Легенды часто повествуют о мученичестве ради укрепления веры. В стихотворении Мейера тоже идет речь о мученичестве, а также о язычниках, сарацинах, которые осуществляют казнь. Но дальше стихотворение поразительным образом отклоняется от легенд. Результатом резни становится не обретение веры, а лишь роскошное песнопение. Монахи, исполнившись воодушевления, начинают петь, когда думают, что опасность уже миновала, но эта музыка так нравится слышащим ее пиратам, что они возвращаются: «Пением восхитились язычники-супостаты, / К берегу судно направил их капитан-душегуб». Поэтому вынесение монахам смертного приговора кажется скорее варварской формой аплодисментов, нежели гонением на христиан в подлинном смысле слова. Сарацины выражают таким способом свою реакцию на сильное эстетическое потрясение. И монахи, рассказывающие о происшедшем, кажется, больше всего восхищены самим ходом событий; они описывают его очень наглядно, к тому же в их словах слышится явственная аллюзия на наиболее известное стихотворение Мейера, «Римский фонтан»: «Ввысь возлетев, ниспадает струя...»[3], говорится в том стихотворении; «...Кровь брызгала вверх, как из фонтанных труб», говорится в этом. Но в образе жизни монахов казнь ничего не меняет. С тем же воодушевлением, что и прежде, они продолжают петь:

 

Мы и теперь поем, но пение – не горловое,

Музыке верность храним, даже и без черепов,

Каждый уже научился петь своею душою –

И звучен, как прежде, «Глории» мощный зов!

 

Смерть не имеет значения, не имеет значения и утрата головы: «Каждый уже научился петь своею душою». Красивая строка. И здесь – что резко противоречит всем христианским легендам – не чувствуется никакого различия между посюсторонним и потусторонним мирами. Певцы остаются на этой земле, они радуются музыке, как радовались всегда. Рясы обветшали, тела разложились, но «Глория» звучит все так же мощно. Чудо здесь – неразрушимость песни.

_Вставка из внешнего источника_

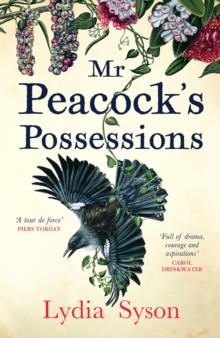 Mr Peacock's Possessions : THE TIMES Book of the Month, Hardback Book Mr Peacock's Possessions : THE TIMES Book of the Month, Hardback Book
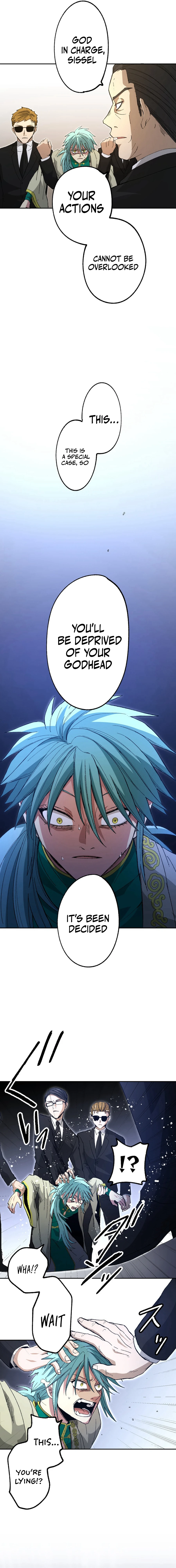 Read The Reincarnated Scum Hunter EN Manga Online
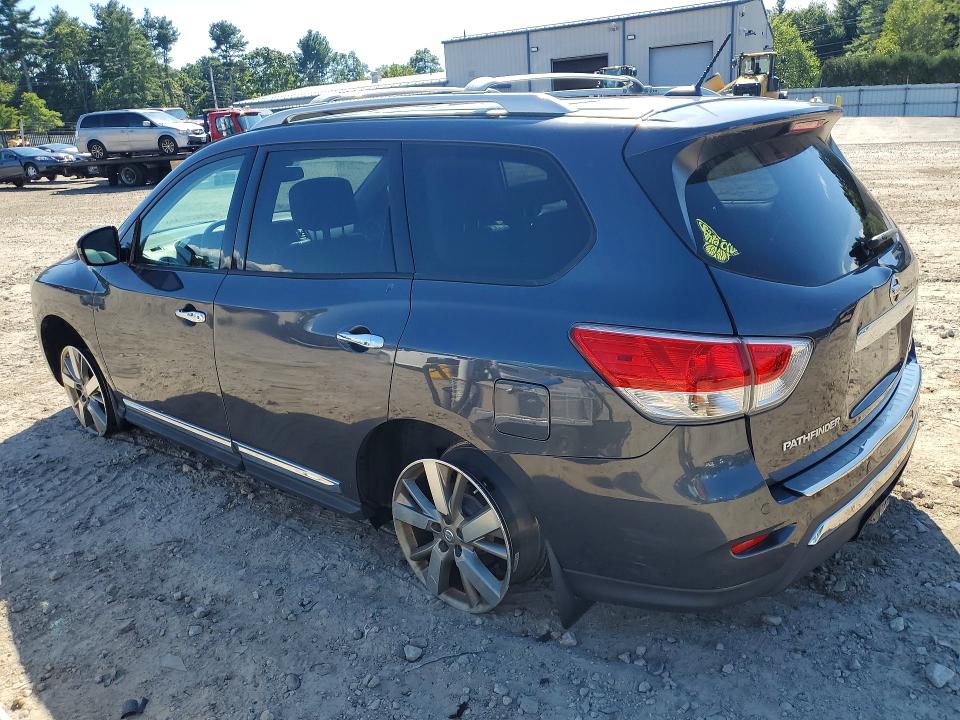 67879946 :رقم المزاد ، 5N1AR2MMXEC638891 vin ، 2014 Nissan Pathfinder مزاد بيع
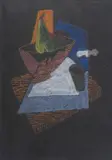 Pippo Oriani, Natura morta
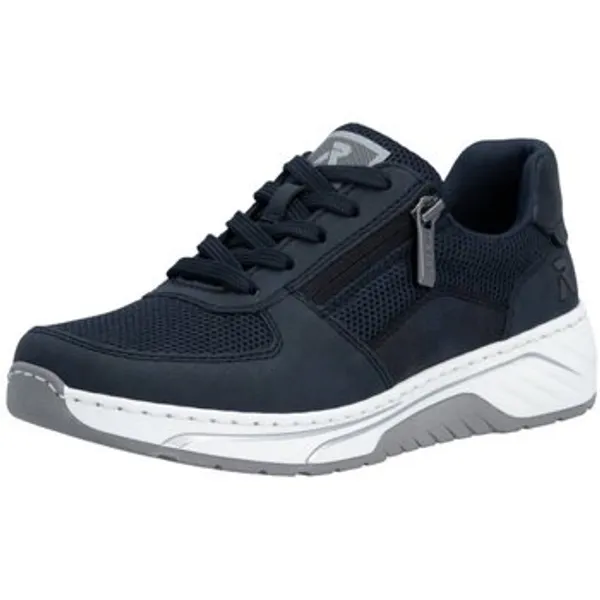 Rieker Lage Sneakers Blauw, vergelijk prijzen bij 1 winkel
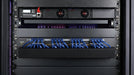 PoE Texas Injector 16-Port 10/100, Mode B, Rack Mount PoE Injector with 48 Volt 120 Watt Power Supply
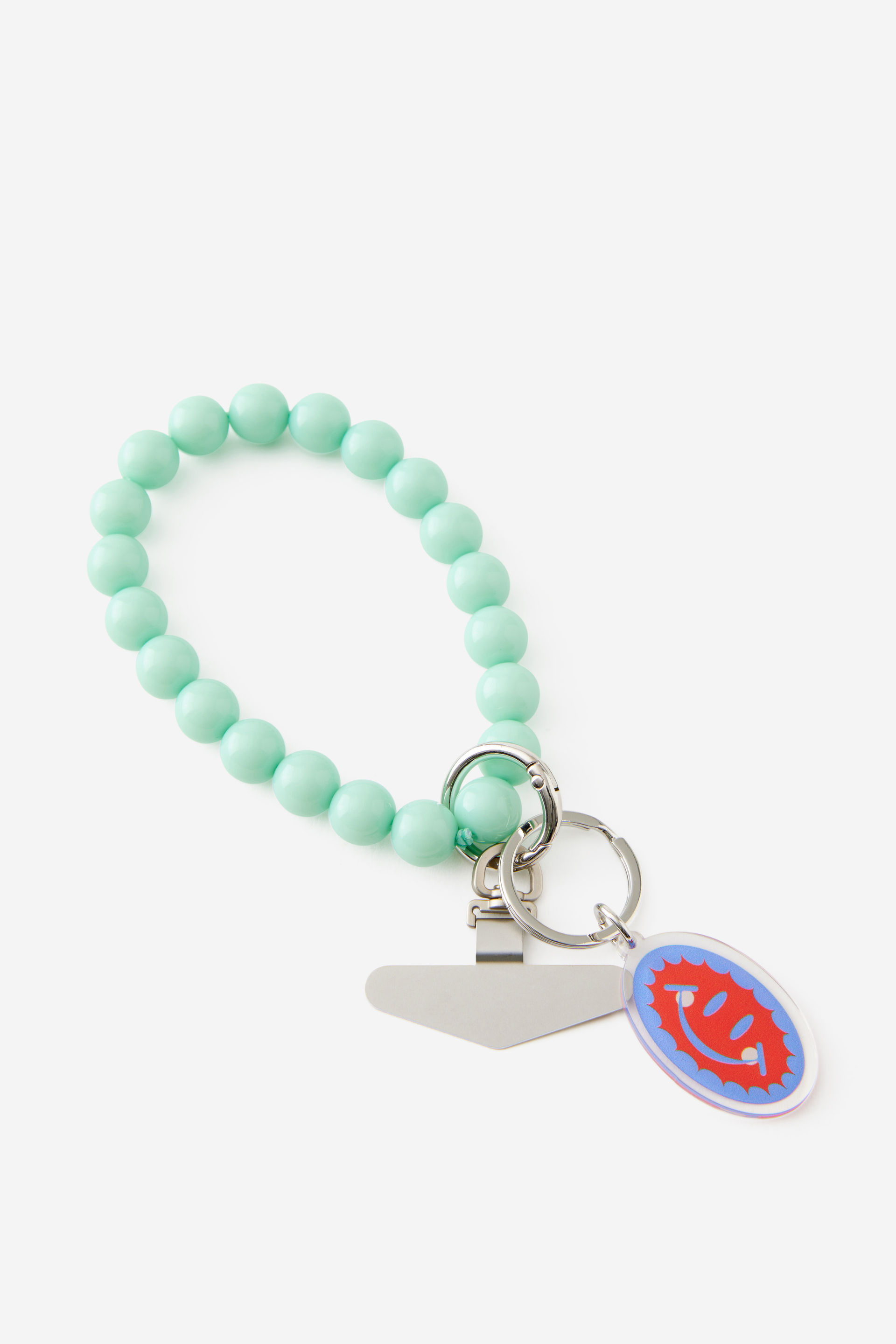 Beaded Wrist Strap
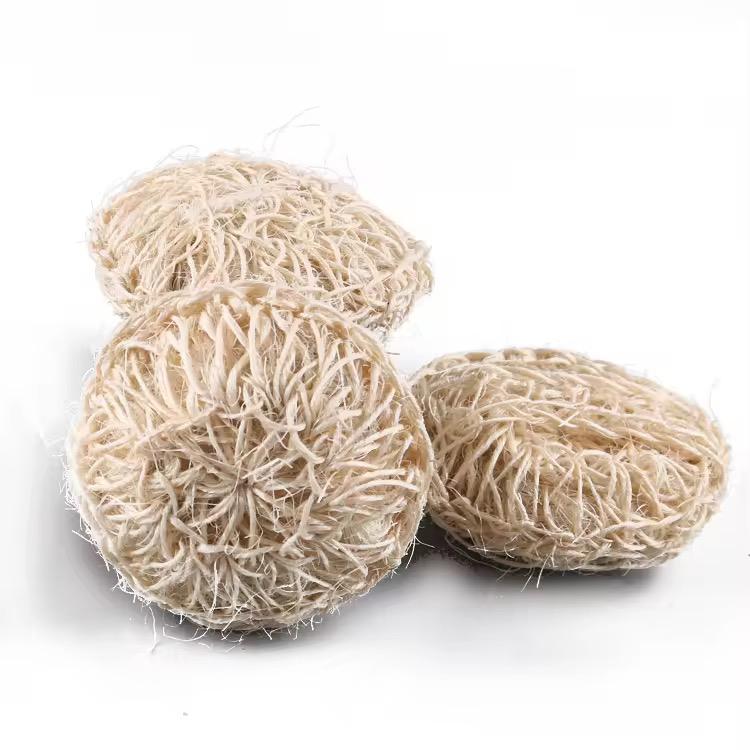 Sisal Bath Ball Sisal Bath Ball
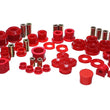 Load image into Gallery viewer, Energy Suspension 06-11 Honda Civic Si Red Master Bushing Set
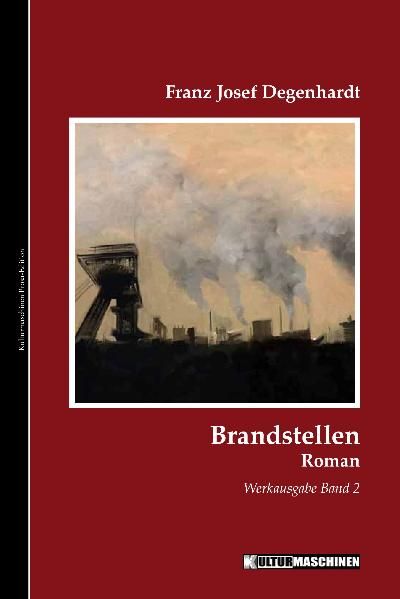 Cover von Brandstellen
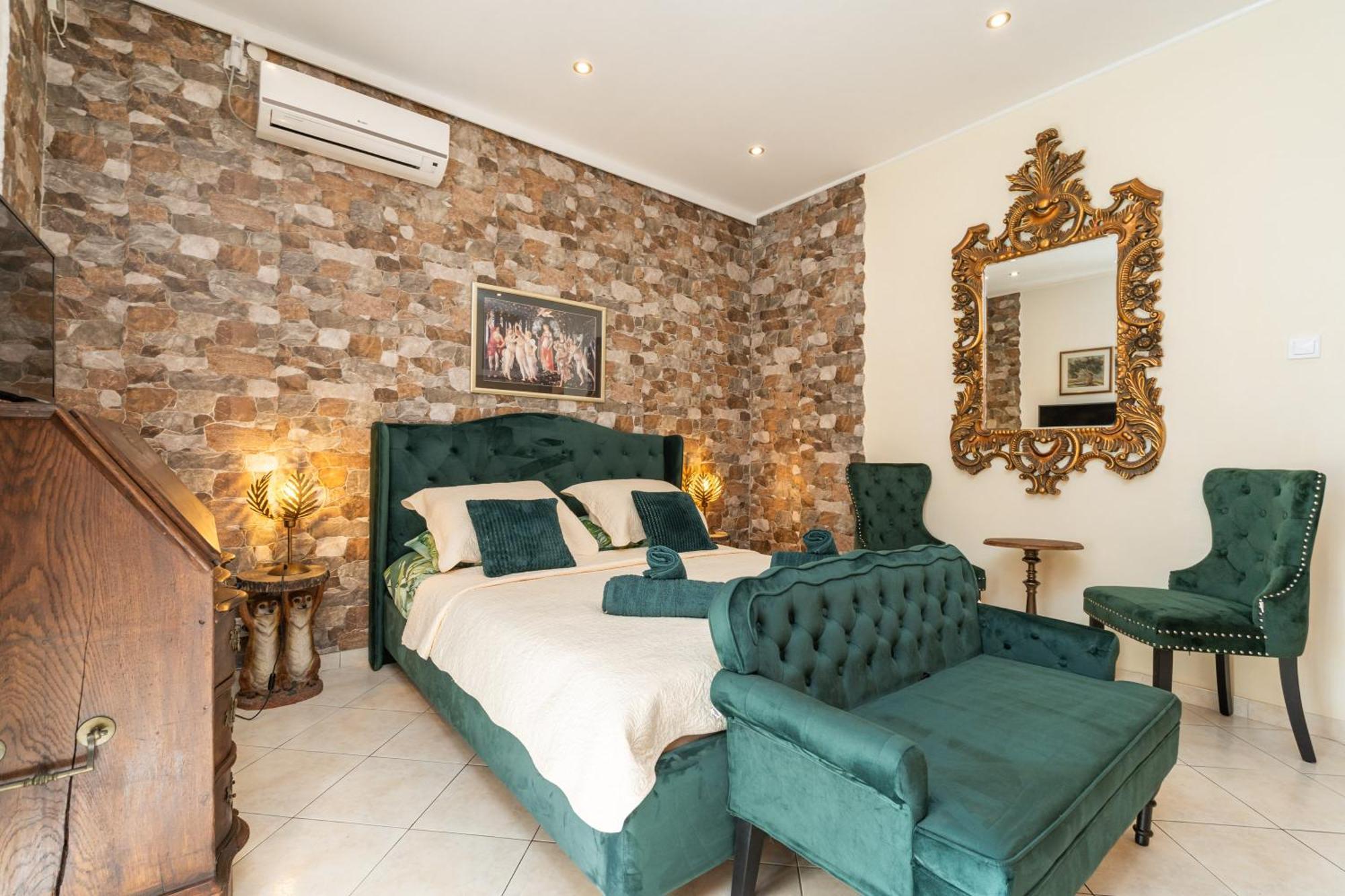 Villa Adrian Dubrovnik Exteriör bild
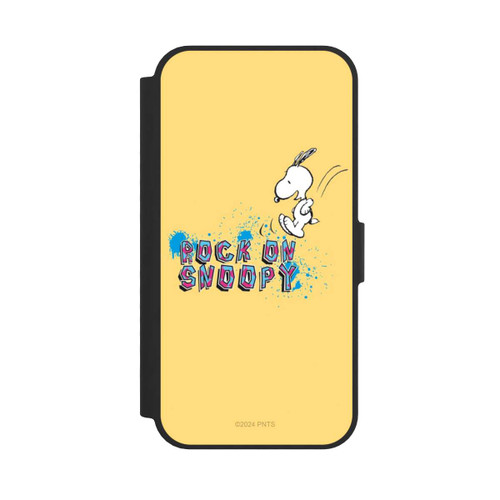 Apple iPhone 17e NIVOflip Rock on Snoopy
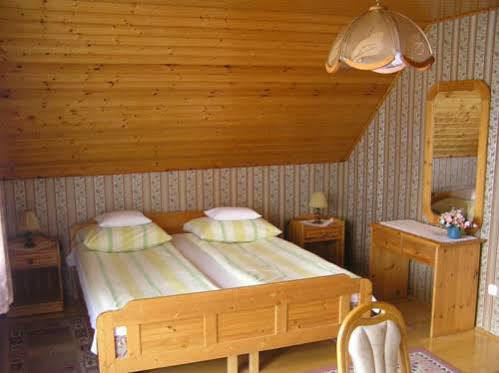 Jakab Ház Hévíz Exterior foto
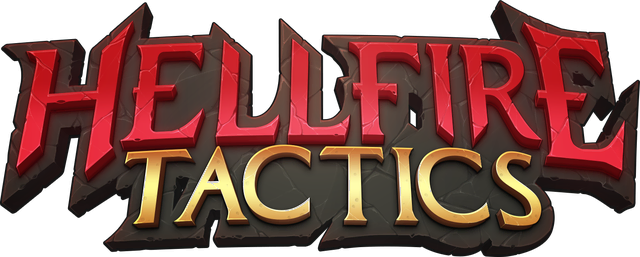 Логотип Hellfire Tactics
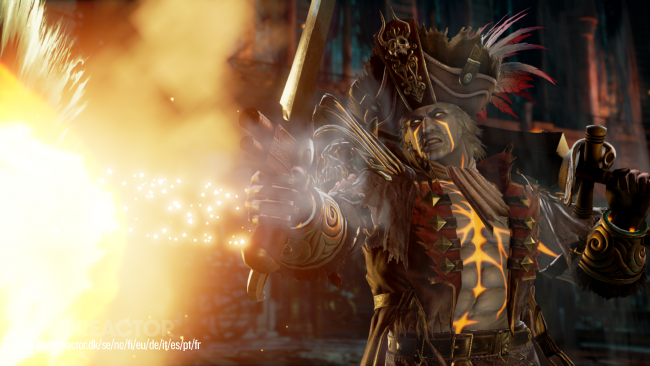 Soul Calibur VI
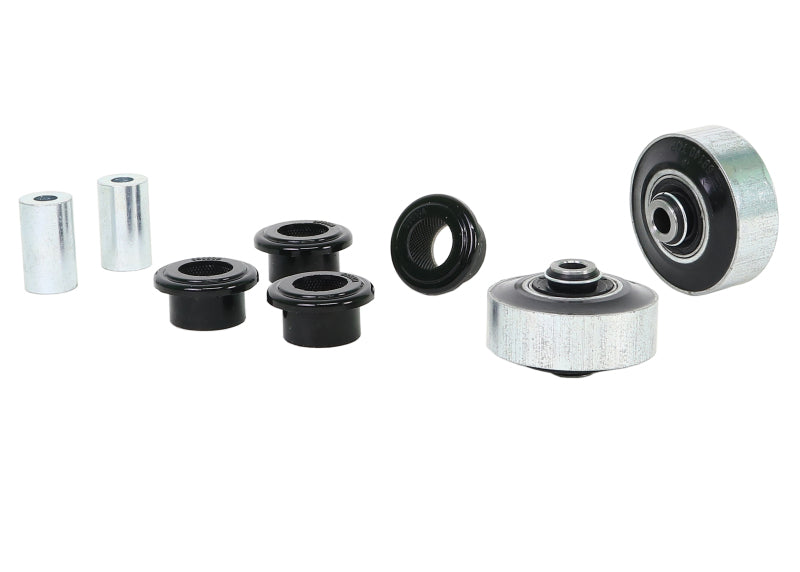 WL Bushings - Control Arm - Whiteline 16-18 Volkswagen Golf R (MK7) Front Lower Control Arms Service Kit (For KTA252)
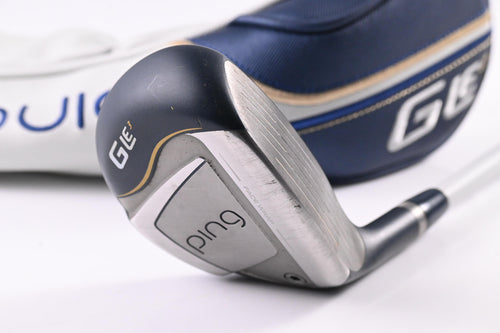 Ladies Ping G Le3 #4 Hybrid / 22 Degree / Ladies Flex Ping ULT 250 Shaft
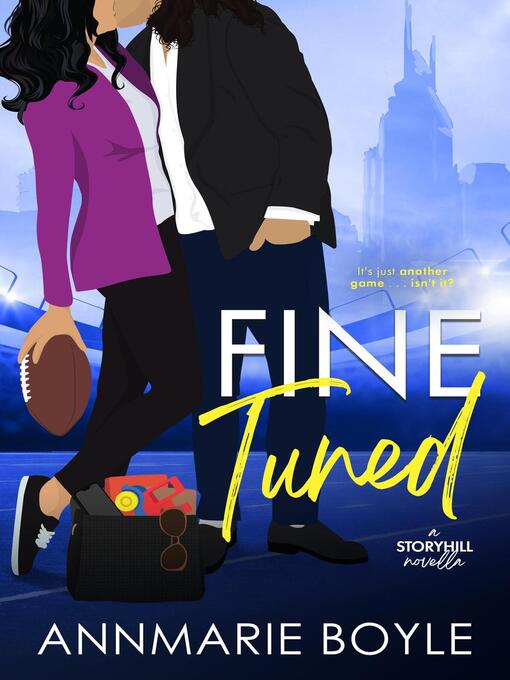 Title details for Fine Tuned by Annmarie Boyle - Available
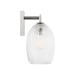 Generation Lighting Serafina 27 Inch Bath Fixture In Polished Nickel (HV1003PN)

И это сближает нашу историю со старым мифологическим материалом. Например, в сказке о можжевеловом дереве обезглавленный мальчик поет, приняв образ красивой птицы[4], и так же продолжает непрерывно петь голова растерзанного менадами Орфея: поющая голова плывет по реке Гебр, и ее песни разносятся по всему эгейскому миру. Для Рильке был очень важен такой мотив – то, что пение Орфея продолжается и после разрушения его тела:

 

Был, наконец, ты той местью глухой умерщвлен,

все же звучанье осталось в деревьях и скалах,

в птицах и львах. Ты и ныне поешь там еще.[5]

 

Так это выражено в «Сонетах к Орфею» (I, XXVI). А в пятом сонете первой части сказано:

 

Однажды и навеки

все певчее – Орфей.[6]

 

«Все певчее – Орфей» (буквально: «когда поется, это и есть Орфей», ists Ortheus, wenn es singt): в этой безличной грамматической конструкции сам процесс пения более значим, чем осуществляющий его субъект, певец. Миф об Орфее, прочно вошедший в эстетическое самосознание творческих личностей эпохи модерна, уплотнился в вопрос о соотношении между индивидуальностью поэта и чем-то совершенно другим: огромным временем, на протяжении которого сохраняется его искусство. Что порождает что: поэт – искусство, или искусство – поэта? Только в контексте этого вопроса выражение «смерть автора» может быть чем-то бóльшим, чем модный афоризм.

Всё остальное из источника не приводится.